To create the database and perform superuser initialization steps (see below):

$ swh db create storage --dbname=postgresql://superuser:passwd@localhost:5433/test-storage

If the database already exists but lacks superuser level initialization steps, you may use:

$ swh db init-admin storage --dbname=postgresql://superuser:passwd@localhost:5433/test-storage

Then assuming the config.yml file existence:

storage:
  cls: postgresql
      db: host=localhost, port=5433, dbname=test-storage, username=normal-user, password=pwd
      objstorage:
        cls: memory

then you can run:

$ swh db --config-file=config.yml init storage
DONE database for storage initialized (flavor default) at version 182

Note: you can define the SWH_CONFIG_FILENAME environment variable instead of using the --config-name command line option.

or check the actual data model version of this database:

$ swh db --config-file=config.yml version storage
module: storage
flavor: default
version: 182

as well as the migration history for the database:

$ swh db --config-file=config.yml version --all storage
module: storage
flavor: default
182 [2022-02-11 15:08:31.806070+01:00] Work In Progress
181 [2022-02-11 14:06:27.435010+01:00] Work In Progress

The database migration is done using the swh db upgrade command.

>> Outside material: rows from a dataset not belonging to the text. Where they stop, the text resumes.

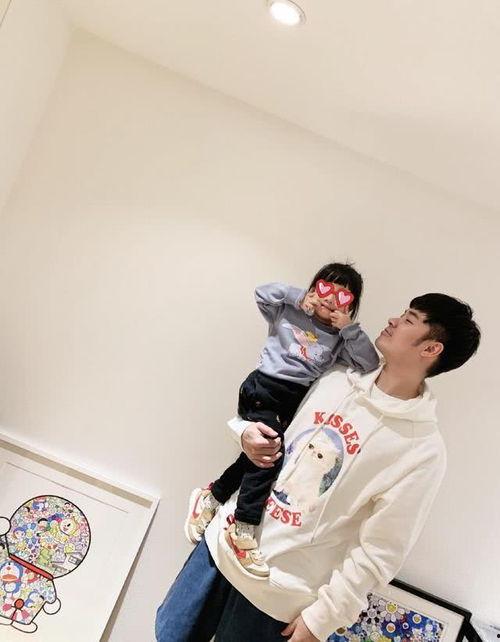 安安吃瓜,揭秘娱乐圈幕后故事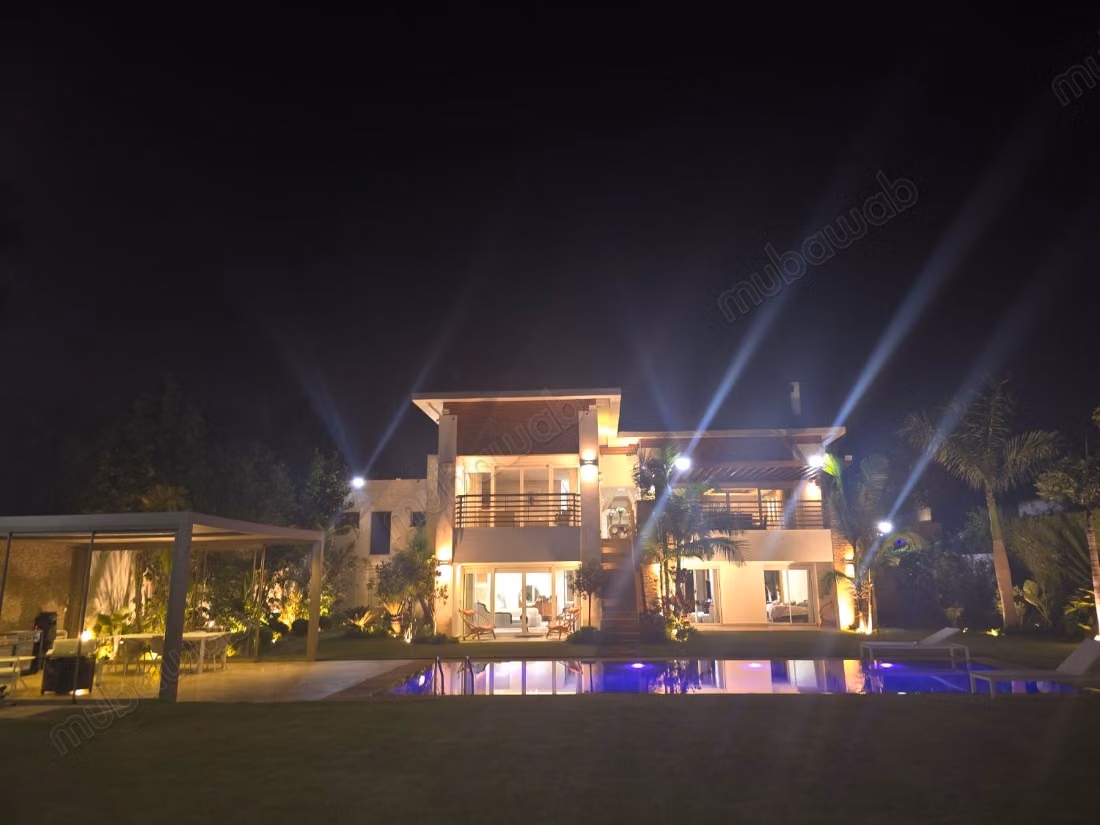Luxury villa for sale CGI BOUSKOURA 1300M²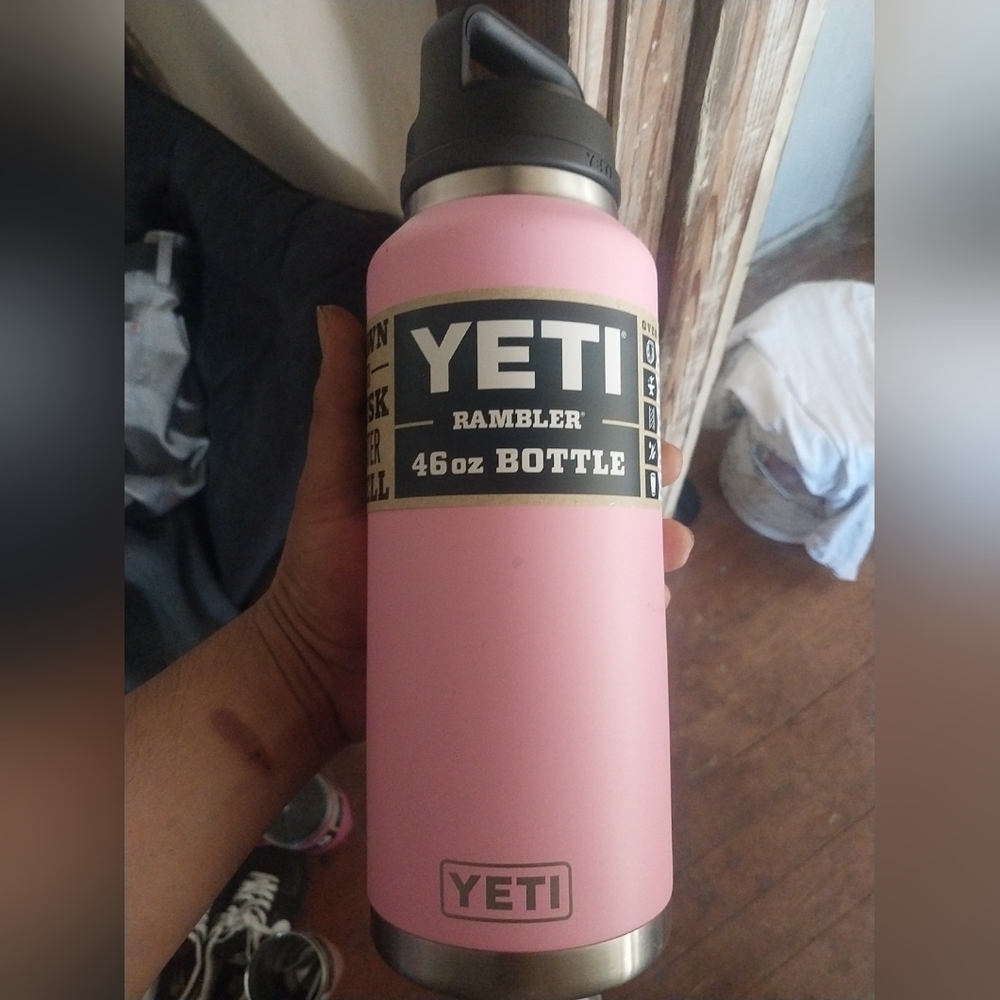 Yeti Rambler 46oz Bottle in Pink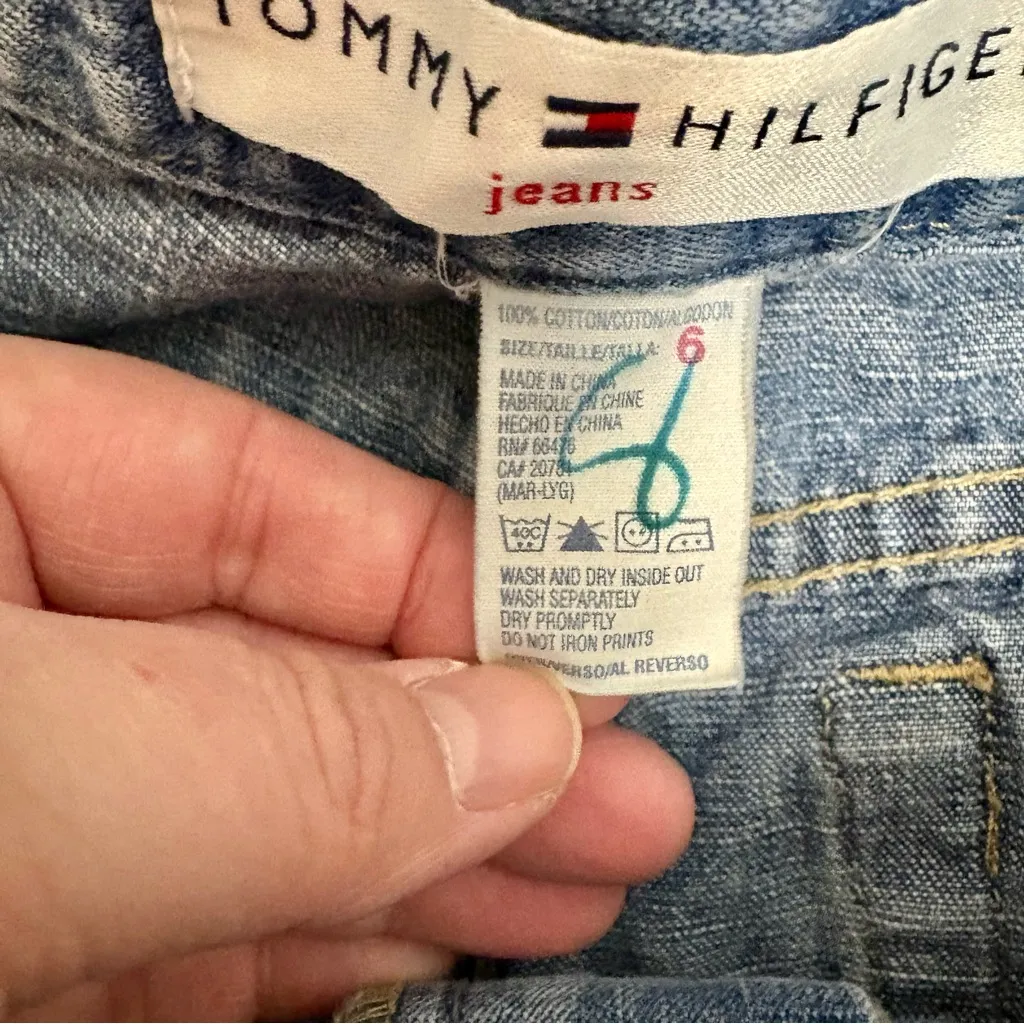 Vintage Tommy Hilfiger Jeans USA Patch - Image 6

Implementation of a swh.core.db datastore

To use this database management tooling, in a swh package, the following conditions are expected:

  • the package should provide an sql directory in its root namespace providing initialization sql scripts. Scripts should be named like nn-xxx.sql and are executed in order according to the nn integer value. Scripts having -superuser- in their name will be executed by the init-admin tool and are expected to require superuser access level, whereas scripts without -superuser- in their name will be executed by the swh db init command and are expected to require write access level (with no need for superuser access level).

  • the package should provide a sql/upgrade directory with SQL migration scripts in its root namespace. Script names are expected to be of the form nnn.sql where nnn is the version to which this script does the migration from a database at version nnn - 1.

  • the initialization and migration scripts should not create nor fill the metadata related tables (dbversion and dbmodule).

  • the package should provide a get_datastore function in its root namespace returning an instance of the datastore object. Normally, this datastore object uses swh.core.db.BaseDb to interact with the actual database.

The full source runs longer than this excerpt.